Vocational Language for Care and New Opportunities..
Vocational Language for Care and New Opportunities for Migrants
Start date: Nov 1, 2015,
End date: Oct 31, 2017
PROJECT
FINISHED
The VOLCANO Project aims to develop and test a learning pathway for the target groups of indigenous BME, migrants and refugee populations who are economically inactive, and who have second or additional language to the host country for entry into the social care sector within healthcare provision.
The project has five main objectives:
1) To demonstrate that people with language levels of A2 to B1 can be sustainability employed in this sector.
2) To address the known and growing skills gap across Europe which exists in lower levels of social/healthcare (due to population decline and movements, increased professionalisation and traditional low status and low pay).
3) To take advantage of greater in work learning opportunities in the sector which has opened up a new route into employment in for people from overseas which means their lack of entry qualifications can be supplemented by in work learning allowing them to progress through the industry.
4) To provide a new workforce for the sector now essential due to the demand for new staff through the Working Time Directive and Directive on Professional Qualifications.

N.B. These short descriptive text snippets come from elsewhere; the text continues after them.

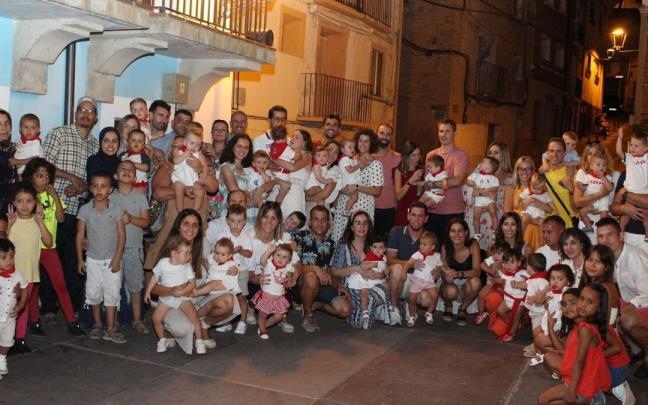 Padres y madres de los pequeños posaron juntos tras la celebración del acto Padres y madres de los pequeños posaron juntos tras la celebración del acto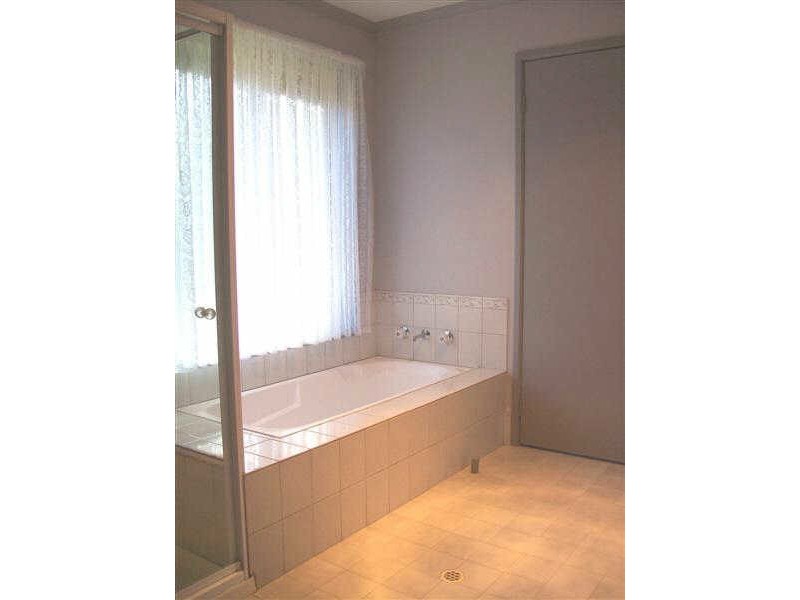 13 Walford Drive, Onkaparinga Hills SA 5163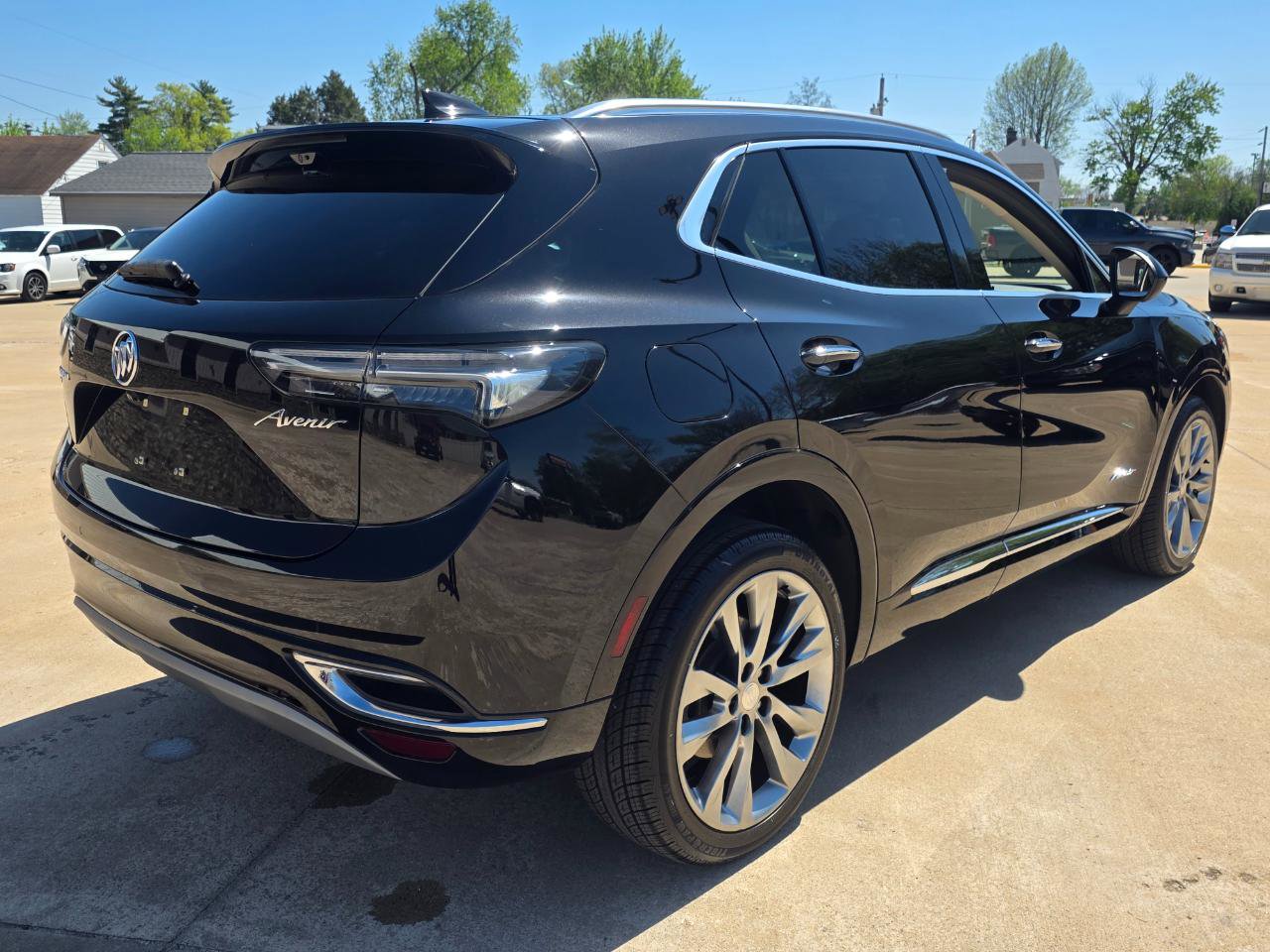 Used 2021 Buick Envision Avenir w/ Technology Package II image 24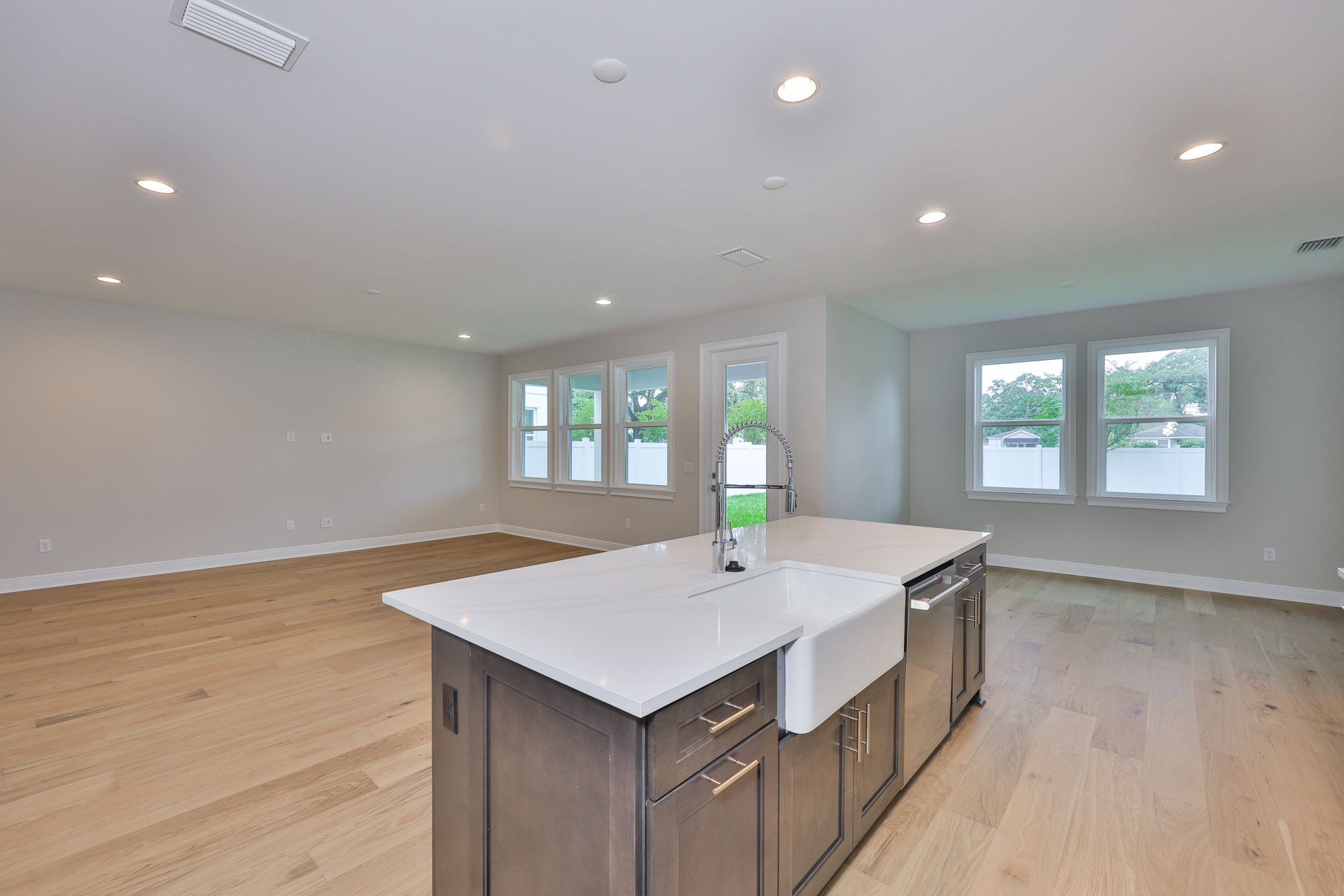 Tampa, Florida, 33609, United States, 4 Bedrooms Bedrooms, ,5 BathroomsBathrooms,Residential,For Sale,1792306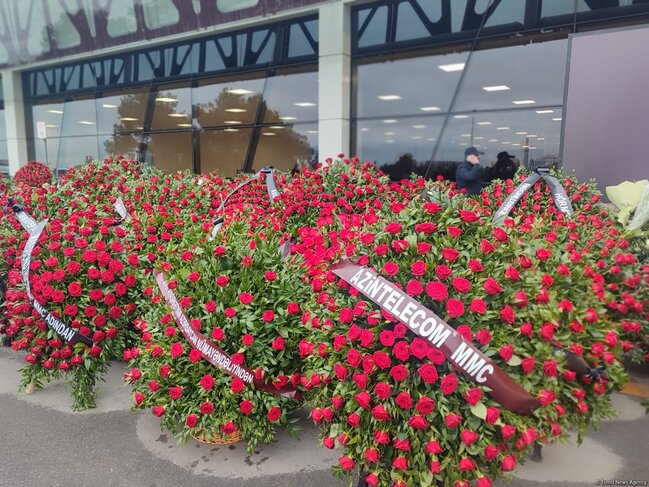 Ekipaj üzvlərinin cənazələri vida üçün aeroporta gətirildi - Foto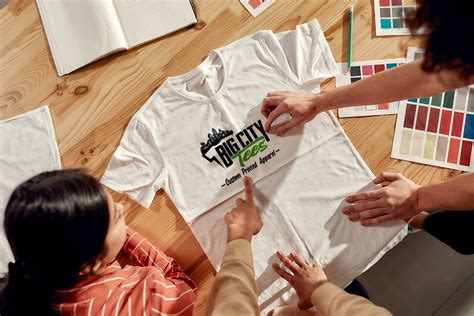 A Complete Guide to Finding the Best Custom T-Shirt Printing Services - BigCitySportswear Blog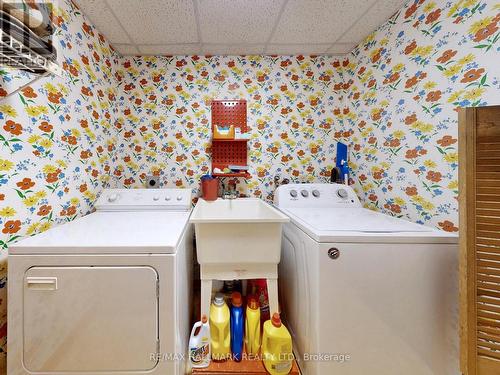 5193 Aurora Road, Whitchurch-Stouffville, ON - Indoor Photo Showing Laundry Room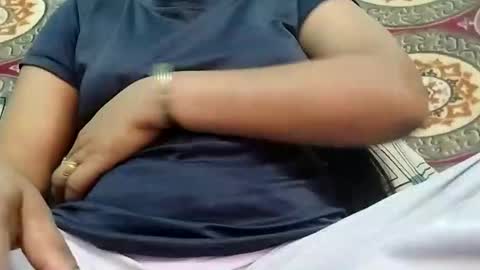 taniya_roy4628 online show from 06/08/26, 04:46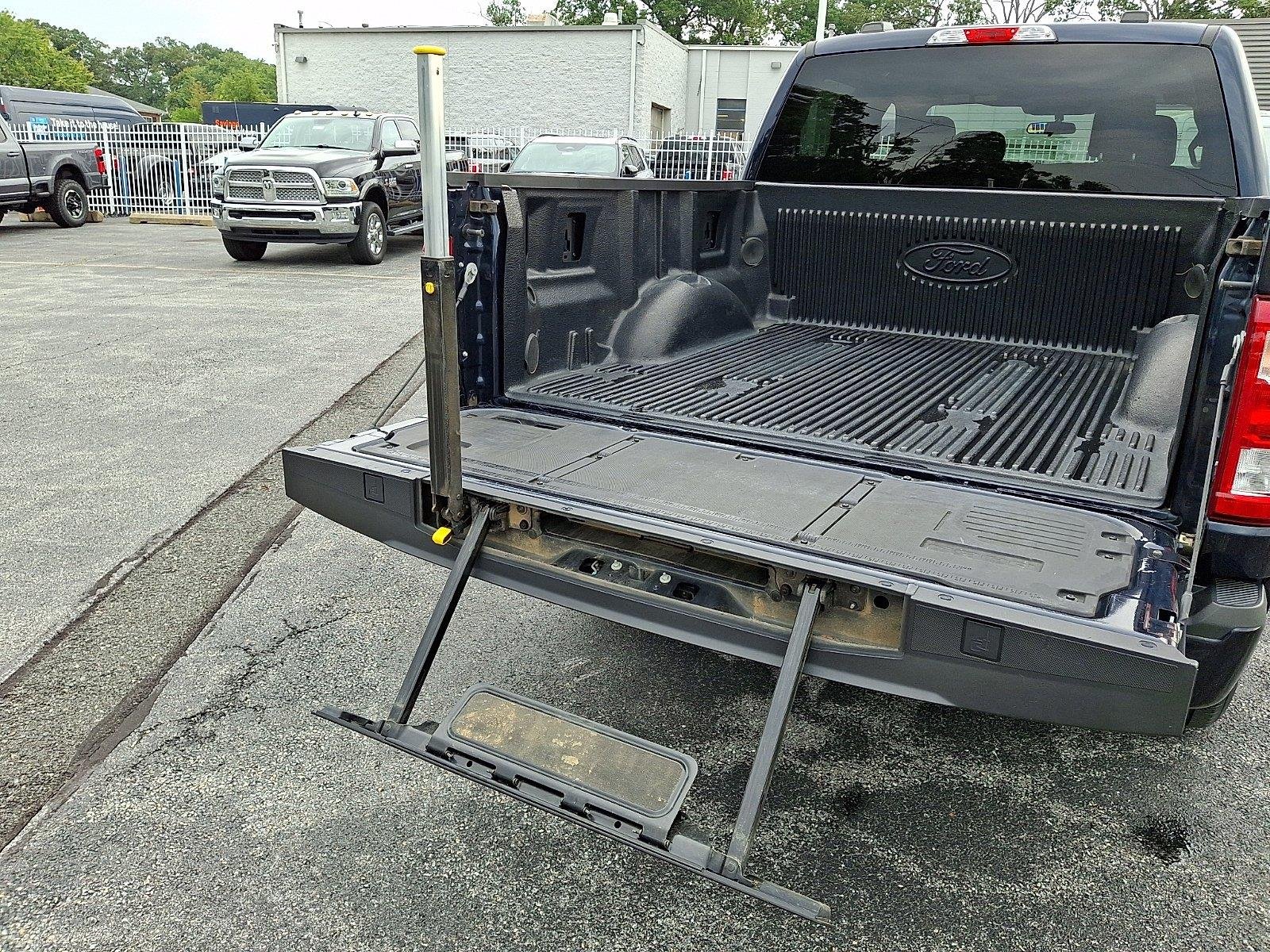 Used 2023 Blue Ford XL image 28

5) To provide a diverse labour force which more closely resembles the diverse nature of the elderly community in Europe accessing social and healthcare
The project aims to provide preparation for entry into the sector at care assistant level both in residential homes and in home care. The project will cascade a strategy enhancing education and employability practice that meets objectives within the 2020 strategy, which has set a target of 75% employment rate in Europe. The Bruges communique, in this context, calls for VET to better respond to labour market needs. This requires and improved understanding of emerging and evolving sectors and their skills needs as well as better mechanisims to translate this understanding into corresponding training provision. The project will contribute to this by providing education and training leading to employment in the social care/health care sector by targeting BME’s furthest from the labour market not currently fully provided for within many EU employability strategies. A group with one of the highest unemployment rates and poorest educational standards of any specific group within EU labour market statistics. It will provide portable skills for the target group to enhance mobility in the European social care//healthcare market.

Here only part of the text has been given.